▶ _EXERCISE_:
Without changing a single word, write out every entry.

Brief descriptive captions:
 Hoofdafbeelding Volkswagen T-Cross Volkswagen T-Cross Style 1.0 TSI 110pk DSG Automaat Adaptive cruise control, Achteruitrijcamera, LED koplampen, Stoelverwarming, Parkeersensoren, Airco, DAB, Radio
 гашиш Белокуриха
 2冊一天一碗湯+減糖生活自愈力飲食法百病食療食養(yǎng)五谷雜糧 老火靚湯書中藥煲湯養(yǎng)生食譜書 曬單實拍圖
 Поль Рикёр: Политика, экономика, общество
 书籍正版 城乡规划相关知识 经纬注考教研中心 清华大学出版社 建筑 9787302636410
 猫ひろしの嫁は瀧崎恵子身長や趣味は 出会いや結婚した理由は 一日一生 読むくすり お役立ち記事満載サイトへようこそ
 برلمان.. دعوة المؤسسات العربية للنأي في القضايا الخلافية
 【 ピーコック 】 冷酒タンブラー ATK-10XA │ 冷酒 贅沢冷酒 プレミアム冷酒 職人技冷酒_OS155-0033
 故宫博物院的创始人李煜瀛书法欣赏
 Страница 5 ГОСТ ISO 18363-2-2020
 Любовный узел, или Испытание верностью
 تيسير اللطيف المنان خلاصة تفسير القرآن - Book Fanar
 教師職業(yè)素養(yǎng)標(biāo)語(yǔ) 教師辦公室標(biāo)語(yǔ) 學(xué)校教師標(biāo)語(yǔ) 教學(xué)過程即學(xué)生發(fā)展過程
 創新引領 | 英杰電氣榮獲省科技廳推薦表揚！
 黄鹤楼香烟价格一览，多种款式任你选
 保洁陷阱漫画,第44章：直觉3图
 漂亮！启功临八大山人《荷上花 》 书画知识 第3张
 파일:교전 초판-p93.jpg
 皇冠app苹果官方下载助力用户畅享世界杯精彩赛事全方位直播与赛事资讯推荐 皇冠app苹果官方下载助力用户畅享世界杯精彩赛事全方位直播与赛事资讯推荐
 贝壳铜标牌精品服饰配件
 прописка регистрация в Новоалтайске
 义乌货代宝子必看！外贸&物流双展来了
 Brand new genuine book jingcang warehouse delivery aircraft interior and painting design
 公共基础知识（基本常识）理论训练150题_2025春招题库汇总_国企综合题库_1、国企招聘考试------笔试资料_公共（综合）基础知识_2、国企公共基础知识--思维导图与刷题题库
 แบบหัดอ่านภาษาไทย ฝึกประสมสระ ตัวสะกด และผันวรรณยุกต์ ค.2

▶ _WRITTEN RESPONSE_:
 Hoofdafbeelding Volkswagen T-Cross Volkswagen T-Cross Style 1.0 TSI 110pk DSG Automaat Adaptive cruise control, Achteruitrijcamera, LED koplampen, Stoelverwarming, Parkeersensoren, Airco, DAB, Radio
 гашиш Белокуриха
 2冊一天一碗湯+減糖生活自愈力飲食法百病食療食養(yǎng)五谷雜糧 老火靚湯書中藥煲湯養(yǎng)生食譜書 曬單實拍圖
 Поль Рикёр: Политика, экономика, общество
 书籍正版 城乡规划相关知识 经纬注考教研中心 清华大学出版社 建筑 9787302636410
 猫ひろしの嫁は瀧崎恵子身長や趣味は 出会いや結婚した理由は 一日一生 読むくすり お役立ち記事満載サイトへようこそ
 برلمان.. دعوة المؤسسات العربية للنأي في القضايا الخلافية
 【 ピーコック 】 冷酒タンブラー ATK-10XA │ 冷酒 贅沢冷酒 プレミアム冷酒 職人技冷酒_OS155-0033
 故宫博物院的创始人李煜瀛书法欣赏
 Страница 5 ГОСТ ISO 18363-2-2020
 Любовный узел, или Испытание верностью
 تيسير اللطيف المنان خلاصة تفسير القرآن - Book Fanar
 教師職業(yè)素養(yǎng)標(biāo)語(yǔ) 教師辦公室標(biāo)語(yǔ) 學(xué)校教師標(biāo)語(yǔ) 教學(xué)過程即學(xué)生發(fā)展過程
 創新引領 | 英杰電氣榮獲省科技廳推薦表揚！
 黄鹤楼香烟价格一览，多种款式任你选
 保洁陷阱漫画,第44章：直觉3图
 漂亮！启功临八大山人《荷上花 》 书画知识 第3张
 파일:교전 초판-p93.jpg
 皇冠app苹果官方下载助力用户畅享世界杯精彩赛事全方位直播与赛事资讯推荐 皇冠app苹果官方下载助力用户畅享世界杯精彩赛事全方位直播与赛事资讯推荐
 贝壳铜标牌精品服饰配件
 прописка регистрация в Новоалтайске
 义乌货代宝子必看！外贸&物流双展来了
 Brand new genuine book jingcang warehouse delivery aircraft interior and painting design
 公共基础知识（基本常识）理论训练150题_2025春招题库汇总_国企综合题库_1、国企招聘考试------笔试资料_公共（综合）基础知识_2、国企公共基础知识--思维导图与刷题题库
 แบบหัดอ่านภาษาไทย ฝึกประสมสระ ตัวสะกด และผันวรรณยุกต์ ค.2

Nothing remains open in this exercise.